In [1]:
import numpy as np
import numpy.linalg as la
import scipy.fftpack as scifft

from math import ceil,log,cos,sin,pi
  
np.set_printoptions(linewidth=100)

### Discrete (Co)sine Transform



The Discrete Cosine Transform (DCT) or Discrete Sine Transform (DST) is a Fourier-based transform. Like DFT/FFT, the transformation turns a time-independent input into a space represented by the sin/cosine, typically able to represent the frequency space. The advantage of this method over the Discrete Fourier Transform (DFT) is that the values are real.

DCT works with even-functions whereas DST works with odd-functions. The idea of odd/even functions is explained by [Euler's Formula](https://en.wikipedia.org/wiki/Euler%27s_formula)

$${\displaystyle e^{ix}=\cos x+i\sin x,}$$

The Taylor expansion is

$$e^{ix} = 1 + ix + \frac{(ix)^2}{2!} + \frac{(ix)^3}{3!} + \dots = 1 + ix - \frac{x^2}{2!} - \frac{x^3i}{3!} + \dots$$

$$ = \Big(1 - \frac{x^2}{2!} + \frac{x^4}{4!} + \dots \Big) + i \Big(x - \frac{x^3}{3!} + \frac{x^5}{5!} \dots \Big) = cos(x) + isin(x)$$

### Discrete Cosine Transform (DCT)

The DCT expresses a function using a series of sinusoidals with different frequencies and amplitudes. DFT implies a *periodic* extension whereas DCT implies an *even* extension. 

However, the finite-ness of the DCT implies one must explicitly choose 1) whether the function if **both** even or odd at the boundaries and 2) and at what point to choose as even or odd. This choice of boundary conditions is responsible for DCT's "energy compactification." 

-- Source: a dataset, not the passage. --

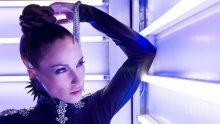 ПЪРВО В ПИК: Момче или момиче? Ето какво ще е бебето на Алекс Раева... (СНИМКА)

DCT is formally defined as a linear, invertible function 

$$f: R^N \rightarrow R^N$$

[Fast Algorithms](https://www.nayuki.io/page/fast-discrete-cosine-transform-algorithms).
[Paper](https://www2.mathematik.hu-berlin.de/~gaggle/S09/AUTODIFF/projects/papers/baszenski_fast_polynomial_multiplication_and_convolutions_related_to_the_discrete_cosine_transform.pdf)

### DCT-I

E.g. given a set of discrete points $x_0, \dots, x_{n-1}$, the DCT transform them into $X_0, \dots, X_{n-1}$ where

$$X_k = \frac{1}{2}(x_0 + (-1)^kx_{N-1}) + \sum\limits_{n=1}^{N-2}x_n 
cos \Big[\frac{\pi}{N-1} nk\Big]
\ \ \ \ k = 0, \dots, N-1$$

The inverse DCT-I is just DCT-I multiplied by $\frac{2}{N}$. Formally, we describe $DCT-I(N+1)$ as $C_N^I$.

### Naive Implementation

This is just a notebook to go over this [paper](https://www2.mathematik.hu-berlin.de/~gaggle/S09/AUTODIFF/projects/papers/baszenski_fast_polynomial_multiplication_and_convolutions_related_to_the_discrete_cosine_transform.pdf).

Given an $n$-sized data input, we seek to compute a $N \ge n+1$-sized Discrete Cosine Transform.

Given points $G_N = \{cos ( \mu \pi / N )  \textrm{ for } \mu = 0, \dots, N \}$, the DCT of an input data of $a$ (where any entries after $n$ are set to $0$) is done through the matrix-multiplication with matrix

$$C_N^I = \Bigg(\varepsilon_{N,k} \frac{\mu k \pi }{N}\Bigg) \in R^{N\times N}$$

Here, $\varepsilon$ is $\frac{1}{2}$ when $k=0,N$ else it is $1$. We note this is called $DCT-I(N+1)$ where $N \ge n+1$. For simplicity's sake, we will just say $N \ge n$.

In [2]:
def DCT_mat(n):
    # computes DCT(n)
    M = np.zeros((n,n))
    for u in range(n):
        for k in range(n):
            e = (.5 if k==0 or k==n-1 else 1)
            M[u,k] = ( e * cos((u*k*pi)/(n-1)) )
    return M

In [3]:
n = 5
a = np.random.random(n)

dct1Lib = scifft.dct(a,type=1,n=n+1)

DC = DCT_mat(n+1)
dct1 = np.dot(DC,np.append(a,np.zeros(1)))*2

print("Conditioning:",la.norm(DC,ord=2))
print("Error:",la.norm(dct1 - dct1Lib)/la.norm(dct1Lib))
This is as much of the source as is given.